Thursday, December 10, 2009
Retrace Your Steps With Upper Cervical Care
Please keep in mind while you read that Upper Cervical Care wants to achieve the most stable correction possible in the shortest period of time possible to help you regain and maintain your health and save you time and money in the process.
Retracing Cycles of Repair
By The Blair Chiropractic Society
What do we mean by retracing? Primarily it implies going over ground that has already been covered until the individual reaches the point from which they started.
When a patient is under Upper Cervical Care, it often occurs that they exhibit symptoms that have not manifested themselves for months, or even years. Their first impression is that they are becoming worse, but they are retracing the several stages through which their condition progressed in the making.
The question of time is essential in the matter of retracing. If a condition has been in progress for a number of years, the patient should not always expect to regain the normal state within a few days.
As it took time for the condition of the patient to change from health to a maximum degree of abnormality, so it takes time to retrace from the abnormality back to health.
What the Upper Cervical Doctor Does
The Upper Cervical Doctor is thoroughly trained to detect the abnormal positions of the upper cervical spine. They are further trained in the technique of restoring this area to their normal positions.
The question naturally arises in the mind of the patient as to why the Upper Cervical Doctor cannot return the upper neck immediately to its normal position and thus immediately restore the body to a healthy state.
What actually happens when a correction is given is the head and neck are returned toward its normal position. When an correction is done the ligaments and muscles are given an opportunity to regain, in part, their normal tone, and this permits them to hold the head and neck in a more nearly normal state.
Points To Remember
The spine, however, and the body in general is subject to more or less strain during the every day life, and it is possible that the head and neck may recede toward its old abnormal position, thereby necessitating another correction.
Keep in mind that tissues often must be rebuilt in order for the head and neck to hold its normal position.
In addition, tissues that have perhaps for years assumed an abnormal condition, due to the gradually increasing pressure upon the nerve fibers, must be allowed time to return through the various stages they have passed in the production of the abnormality.
This all takes time, and patience becomes a cardinal virtue, based on the knowledge that all is progressing as it should.
It can thus readily be seen that there is a gradual retracing in the position of the spine from the time when it attains the maximum degree, to the time when it returns again to normal.
There is also a retracing in the condition of the tissues that are supplied by the nerve fibers impinged. They have gradually attained a maximum degree of abnormality and must return through those various stages by which they progressed in the attainment of that abnormality.

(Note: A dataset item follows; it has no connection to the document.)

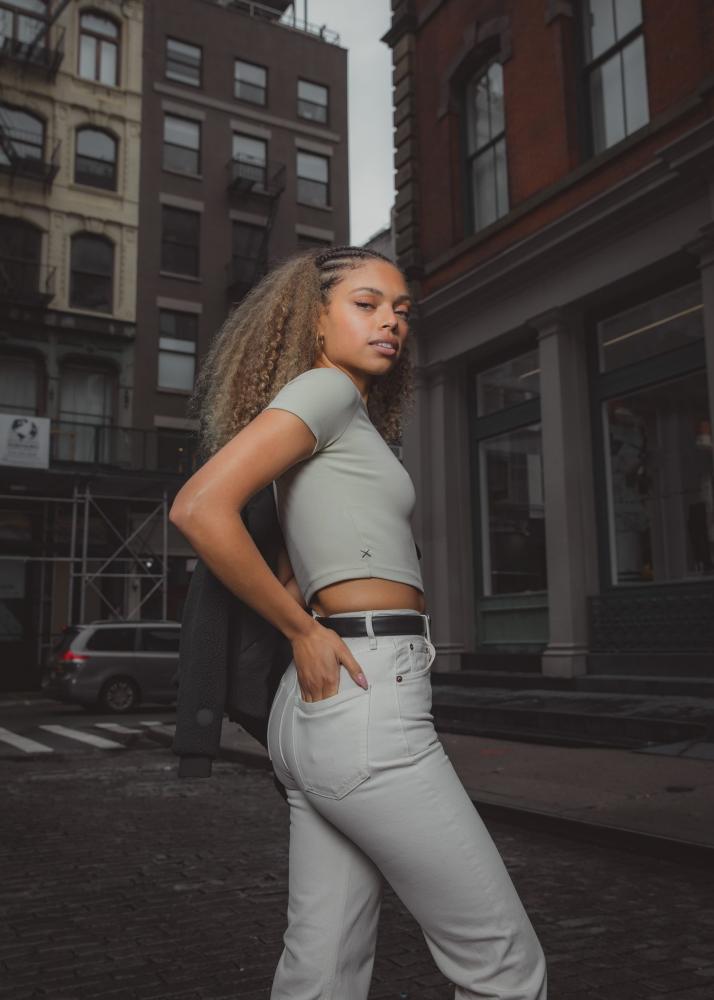 3f56a2a3-0ce7-4cd1-8759-80c6a37ccb7c_rw_1920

Not only is there retracing so far as the spine is concerned and the tissue cells affected, but there also may be a retracing in the symptoms exhibited by the patient.
Different stages of correction can give rise to different symptoms, and as the order reverses itself, symptoms that were present, perhaps years ago, may again occur.
If the spine is being returned rapidly toward its normal position, an entire series of symptoms may develop at one time and the patient consequently will believe they are getting worse.
As a matter of fact, the outlook is particularly bright at this time, and the patient should realize this fact. Naturally, if they do not understand the condition, they will assume that they are becoming worse and may stop Upper Cervical Care entirely.
It cannot be made too emphatic that this is the very time when they should continue with Upper Cervical Care, because the results are being obtained which will do the greatest good.
Must Be Retracing
It is immaterial whether the problem is one of long standing or an acute condition. There must be retracing in the position of the vertebra and in whatever structural or functional change has occurred.
Naturally, if this is true, there must be a retracing in the symptoms. In acute cases they may be so slight in degree that they pass unnoticed.
Finally, every patient should realize the necessity for continuing with Upper Cervical Care, even though they cannot note the progress made from day to day, or even though they believe the condition is worse.
It is essential for this period of retracing to be passed through, and they should not allow any temporary discouragement to preclude the ultimate health, which will be theirs if they continue.